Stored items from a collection
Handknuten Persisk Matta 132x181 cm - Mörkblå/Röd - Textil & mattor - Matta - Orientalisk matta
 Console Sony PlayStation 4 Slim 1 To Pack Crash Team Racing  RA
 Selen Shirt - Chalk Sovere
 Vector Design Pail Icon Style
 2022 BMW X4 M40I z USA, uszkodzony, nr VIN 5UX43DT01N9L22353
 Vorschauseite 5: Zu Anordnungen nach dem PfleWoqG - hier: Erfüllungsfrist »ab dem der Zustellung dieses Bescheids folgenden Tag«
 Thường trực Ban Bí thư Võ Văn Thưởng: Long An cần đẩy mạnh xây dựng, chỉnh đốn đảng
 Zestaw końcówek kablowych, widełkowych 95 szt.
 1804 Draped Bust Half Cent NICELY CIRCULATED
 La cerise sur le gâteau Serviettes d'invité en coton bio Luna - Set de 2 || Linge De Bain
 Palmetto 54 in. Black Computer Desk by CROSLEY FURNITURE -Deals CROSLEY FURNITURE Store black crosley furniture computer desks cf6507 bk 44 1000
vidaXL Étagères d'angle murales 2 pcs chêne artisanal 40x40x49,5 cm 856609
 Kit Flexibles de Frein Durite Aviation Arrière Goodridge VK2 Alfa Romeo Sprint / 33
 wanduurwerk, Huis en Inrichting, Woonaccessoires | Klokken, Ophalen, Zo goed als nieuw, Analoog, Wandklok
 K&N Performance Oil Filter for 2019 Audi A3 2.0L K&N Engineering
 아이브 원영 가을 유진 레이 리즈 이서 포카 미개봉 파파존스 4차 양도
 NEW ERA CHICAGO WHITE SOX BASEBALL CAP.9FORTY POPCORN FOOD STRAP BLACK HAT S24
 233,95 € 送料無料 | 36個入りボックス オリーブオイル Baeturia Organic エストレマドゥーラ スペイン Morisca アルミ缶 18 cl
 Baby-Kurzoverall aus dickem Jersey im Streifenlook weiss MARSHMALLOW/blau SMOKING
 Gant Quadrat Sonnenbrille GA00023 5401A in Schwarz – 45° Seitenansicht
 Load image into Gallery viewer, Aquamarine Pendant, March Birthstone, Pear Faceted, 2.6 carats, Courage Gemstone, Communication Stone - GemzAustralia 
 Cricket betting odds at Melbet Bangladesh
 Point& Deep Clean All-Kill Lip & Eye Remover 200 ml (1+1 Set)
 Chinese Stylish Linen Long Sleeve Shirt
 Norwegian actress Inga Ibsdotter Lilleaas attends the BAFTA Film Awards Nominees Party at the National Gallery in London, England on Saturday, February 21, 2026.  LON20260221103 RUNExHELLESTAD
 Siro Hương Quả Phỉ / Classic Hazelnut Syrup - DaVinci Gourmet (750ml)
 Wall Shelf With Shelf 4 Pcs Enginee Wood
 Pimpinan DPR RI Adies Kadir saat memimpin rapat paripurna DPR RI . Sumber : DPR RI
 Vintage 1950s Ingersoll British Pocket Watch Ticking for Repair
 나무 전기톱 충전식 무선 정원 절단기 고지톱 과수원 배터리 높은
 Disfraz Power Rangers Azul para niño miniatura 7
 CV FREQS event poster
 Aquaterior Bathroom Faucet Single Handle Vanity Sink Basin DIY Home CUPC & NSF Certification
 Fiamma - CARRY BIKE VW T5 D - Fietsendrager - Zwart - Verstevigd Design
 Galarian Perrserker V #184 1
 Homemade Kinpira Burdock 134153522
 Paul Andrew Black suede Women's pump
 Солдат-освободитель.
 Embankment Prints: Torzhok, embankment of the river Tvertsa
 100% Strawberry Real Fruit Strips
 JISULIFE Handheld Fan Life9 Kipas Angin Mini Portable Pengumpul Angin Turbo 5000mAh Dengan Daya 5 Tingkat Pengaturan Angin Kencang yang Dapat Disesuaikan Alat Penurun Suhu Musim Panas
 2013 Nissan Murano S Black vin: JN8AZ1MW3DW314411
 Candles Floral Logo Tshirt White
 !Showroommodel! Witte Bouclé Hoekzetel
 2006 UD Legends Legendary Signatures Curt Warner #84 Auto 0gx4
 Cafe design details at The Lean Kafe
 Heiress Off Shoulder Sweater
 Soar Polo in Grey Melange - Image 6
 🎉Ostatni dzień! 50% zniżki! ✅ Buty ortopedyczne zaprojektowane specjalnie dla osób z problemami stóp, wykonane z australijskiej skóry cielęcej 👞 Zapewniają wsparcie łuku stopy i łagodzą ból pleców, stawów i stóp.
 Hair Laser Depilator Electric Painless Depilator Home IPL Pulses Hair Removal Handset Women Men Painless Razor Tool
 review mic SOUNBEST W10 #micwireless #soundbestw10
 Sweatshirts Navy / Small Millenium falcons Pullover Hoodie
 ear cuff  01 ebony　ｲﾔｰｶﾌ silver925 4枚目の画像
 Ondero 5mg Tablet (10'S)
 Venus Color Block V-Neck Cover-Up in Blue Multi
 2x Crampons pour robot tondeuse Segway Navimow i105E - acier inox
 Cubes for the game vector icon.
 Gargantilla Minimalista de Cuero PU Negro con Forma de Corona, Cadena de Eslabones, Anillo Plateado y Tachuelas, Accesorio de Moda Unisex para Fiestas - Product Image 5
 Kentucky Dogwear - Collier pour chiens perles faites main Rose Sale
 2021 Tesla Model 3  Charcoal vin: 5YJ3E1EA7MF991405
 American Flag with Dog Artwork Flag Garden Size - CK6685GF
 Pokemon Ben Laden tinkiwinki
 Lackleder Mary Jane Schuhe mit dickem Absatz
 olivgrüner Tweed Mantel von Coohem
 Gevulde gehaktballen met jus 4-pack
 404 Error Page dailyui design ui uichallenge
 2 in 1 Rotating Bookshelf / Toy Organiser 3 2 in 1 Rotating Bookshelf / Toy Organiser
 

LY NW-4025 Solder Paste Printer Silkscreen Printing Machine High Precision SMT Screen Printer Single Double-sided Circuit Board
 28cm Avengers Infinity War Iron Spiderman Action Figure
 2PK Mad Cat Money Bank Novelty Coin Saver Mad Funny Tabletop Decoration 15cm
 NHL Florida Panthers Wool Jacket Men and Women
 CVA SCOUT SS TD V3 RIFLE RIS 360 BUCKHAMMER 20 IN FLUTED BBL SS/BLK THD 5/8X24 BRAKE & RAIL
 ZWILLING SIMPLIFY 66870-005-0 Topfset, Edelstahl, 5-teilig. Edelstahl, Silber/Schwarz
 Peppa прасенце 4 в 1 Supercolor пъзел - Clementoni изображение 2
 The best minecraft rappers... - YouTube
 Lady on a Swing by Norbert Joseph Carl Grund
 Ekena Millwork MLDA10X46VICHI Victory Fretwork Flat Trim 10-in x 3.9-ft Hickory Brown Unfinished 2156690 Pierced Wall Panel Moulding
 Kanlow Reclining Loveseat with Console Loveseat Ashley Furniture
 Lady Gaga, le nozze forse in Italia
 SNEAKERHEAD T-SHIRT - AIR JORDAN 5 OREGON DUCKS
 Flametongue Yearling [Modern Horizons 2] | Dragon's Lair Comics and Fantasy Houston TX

*Exercise objective*:
The data above must be reproduced in full, exactly as given.

*Answer for the task*:
Handknuten Persisk Matta 132x181 cm - Mörkblå/Röd - Textil & mattor - Matta - Orientalisk matta
 Console Sony PlayStation 4 Slim 1 To Pack Crash Team Racing  RA
 Selen Shirt - Chalk Sovere
 Vector Design Pail Icon Style
 2022 BMW X4 M40I z USA, uszkodzony, nr VIN 5UX43DT01N9L22353
 Vorschauseite 5: Zu Anordnungen nach dem PfleWoqG - hier: Erfüllungsfrist »ab dem der Zustellung dieses Bescheids folgenden Tag«
 Thường trực Ban Bí thư Võ Văn Thưởng: Long An cần đẩy mạnh xây dựng, chỉnh đốn đảng
 Zestaw końcówek kablowych, widełkowych 95 szt.
 1804 Draped Bust Half Cent NICELY CIRCULATED
 La cerise sur le gâteau Serviettes d'invité en coton bio Luna - Set de 2 || Linge De Bain
 Palmetto 54 in. Black Computer Desk by CROSLEY FURNITURE -Deals CROSLEY FURNITURE Store black crosley furniture computer desks cf6507 bk 44 1000
vidaXL Étagères d'angle murales 2 pcs chêne artisanal 40x40x49,5 cm 856609
 Kit Flexibles de Frein Durite Aviation Arrière Goodridge VK2 Alfa Romeo Sprint / 33
 wanduurwerk, Huis en Inrichting, Woonaccessoires | Klokken, Ophalen, Zo goed als nieuw, Analoog, Wandklok
 K&N Performance Oil Filter for 2019 Audi A3 2.0L K&N Engineering
 아이브 원영 가을 유진 레이 리즈 이서 포카 미개봉 파파존스 4차 양도
 NEW ERA CHICAGO WHITE SOX BASEBALL CAP.9FORTY POPCORN FOOD STRAP BLACK HAT S24
 233,95 € 送料無料 | 36個入りボックス オリーブオイル Baeturia Organic エストレマドゥーラ スペイン Morisca アルミ缶 18 cl
 Baby-Kurzoverall aus dickem Jersey im Streifenlook weiss MARSHMALLOW/blau SMOKING
 Gant Quadrat Sonnenbrille GA00023 5401A in Schwarz – 45° Seitenansicht
 Load image into Gallery viewer, Aquamarine Pendant, March Birthstone, Pear Faceted, 2.6 carats, Courage Gemstone, Communication Stone - GemzAustralia 
 Cricket betting odds at Melbet Bangladesh
 Point& Deep Clean All-Kill Lip & Eye Remover 200 ml (1+1 Set)
 Chinese Stylish Linen Long Sleeve Shirt
 Norwegian actress Inga Ibsdotter Lilleaas attends the BAFTA Film Awards Nominees Party at the National Gallery in London, England on Saturday, February 21, 2026.  LON20260221103 RUNExHELLESTAD
 Siro Hương Quả Phỉ / Classic Hazelnut Syrup - DaVinci Gourmet (750ml)
 Wall Shelf With Shelf 4 Pcs Enginee Wood
 Pimpinan DPR RI Adies Kadir saat memimpin rapat paripurna DPR RI . Sumber : DPR RI
 Vintage 1950s Ingersoll British Pocket Watch Ticking for Repair
 나무 전기톱 충전식 무선 정원 절단기 고지톱 과수원 배터리 높은
 Disfraz Power Rangers Azul para niño miniatura 7
 CV FREQS event poster
 Aquaterior Bathroom Faucet Single Handle Vanity Sink Basin DIY Home CUPC & NSF Certification
 Fiamma - CARRY BIKE VW T5 D - Fietsendrager - Zwart - Verstevigd Design
 Galarian Perrserker V #184 1
 Homemade Kinpira Burdock 134153522
 Paul Andrew Black suede Women's pump
 Солдат-освободитель.
 Embankment Prints: Torzhok, embankment of the river Tvertsa
 100% Strawberry Real Fruit Strips
 JISULIFE Handheld Fan Life9 Kipas Angin Mini Portable Pengumpul Angin Turbo 5000mAh Dengan Daya 5 Tingkat Pengaturan Angin Kencang yang Dapat Disesuaikan Alat Penurun Suhu Musim Panas
 2013 Nissan Murano S Black vin: JN8AZ1MW3DW314411
 Candles Floral Logo Tshirt White
 !Showroommodel! Witte Bouclé Hoekzetel
 2006 UD Legends Legendary Signatures Curt Warner #84 Auto 0gx4
 Cafe design details at The Lean Kafe
 Heiress Off Shoulder Sweater
 Soar Polo in Grey Melange - Image 6
 🎉Ostatni dzień! 50% zniżki! ✅ Buty ortopedyczne zaprojektowane specjalnie dla osób z problemami stóp, wykonane z australijskiej skóry cielęcej 👞 Zapewniają wsparcie łuku stopy i łagodzą ból pleców, stawów i stóp.
 Hair Laser Depilator Electric Painless Depilator Home IPL Pulses Hair Removal Handset Women Men Painless Razor Tool
 review mic SOUNBEST W10 #micwireless #soundbestw10
 Sweatshirts Navy / Small Millenium falcons Pullover Hoodie
 ear cuff  01 ebony　ｲﾔｰｶﾌ silver925 4枚目の画像
 Ondero 5mg Tablet (10'S)
 Venus Color Block V-Neck Cover-Up in Blue Multi
 2x Crampons pour robot tondeuse Segway Navimow i105E - acier inox
 Cubes for the game vector icon.
 Gargantilla Minimalista de Cuero PU Negro con Forma de Corona, Cadena de Eslabones, Anillo Plateado y Tachuelas, Accesorio de Moda Unisex para Fiestas - Product Image 5
 Kentucky Dogwear - Collier pour chiens perles faites main Rose Sale
 2021 Tesla Model 3  Charcoal vin: 5YJ3E1EA7MF991405
 American Flag with Dog Artwork Flag Garden Size - CK6685GF
 Pokemon Ben Laden tinkiwinki
 Lackleder Mary Jane Schuhe mit dickem Absatz
 olivgrüner Tweed Mantel von Coohem
 Gevulde gehaktballen met jus 4-pack
 404 Error Page dailyui design ui uichallenge
 2 in 1 Rotating Bookshelf / Toy Organiser 3 2 in 1 Rotating Bookshelf / Toy Organiser
 

LY NW-4025 Solder Paste Printer Silkscreen Printing Machine High Precision SMT Screen Printer Single Double-sided Circuit Board
 28cm Avengers Infinity War Iron Spiderman Action Figure
 2PK Mad Cat Money Bank Novelty Coin Saver Mad Funny Tabletop Decoration 15cm
 NHL Florida Panthers Wool Jacket Men and Women
 CVA SCOUT SS TD V3 RIFLE RIS 360 BUCKHAMMER 20 IN FLUTED BBL SS/BLK THD 5/8X24 BRAKE & RAIL
 ZWILLING SIMPLIFY 66870-005-0 Topfset, Edelstahl, 5-teilig. Edelstahl, Silber/Schwarz
 Peppa прасенце 4 в 1 Supercolor пъзел - Clementoni изображение 2
 The best minecraft rappers... - YouTube
 Lady on a Swing by Norbert Joseph Carl Grund
 Ekena Millwork MLDA10X46VICHI Victory Fretwork Flat Trim 10-in x 3.9-ft Hickory Brown Unfinished 2156690 Pierced Wall Panel Moulding
 Kanlow Reclining Loveseat with Console Loveseat Ashley Furniture
 Lady Gaga, le nozze forse in Italia
 SNEAKERHEAD T-SHIRT - AIR JORDAN 5 OREGON DUCKS
 Flametongue Yearling [Modern Horizons 2] | Dragon's Lair Comics and Fantasy Houston TX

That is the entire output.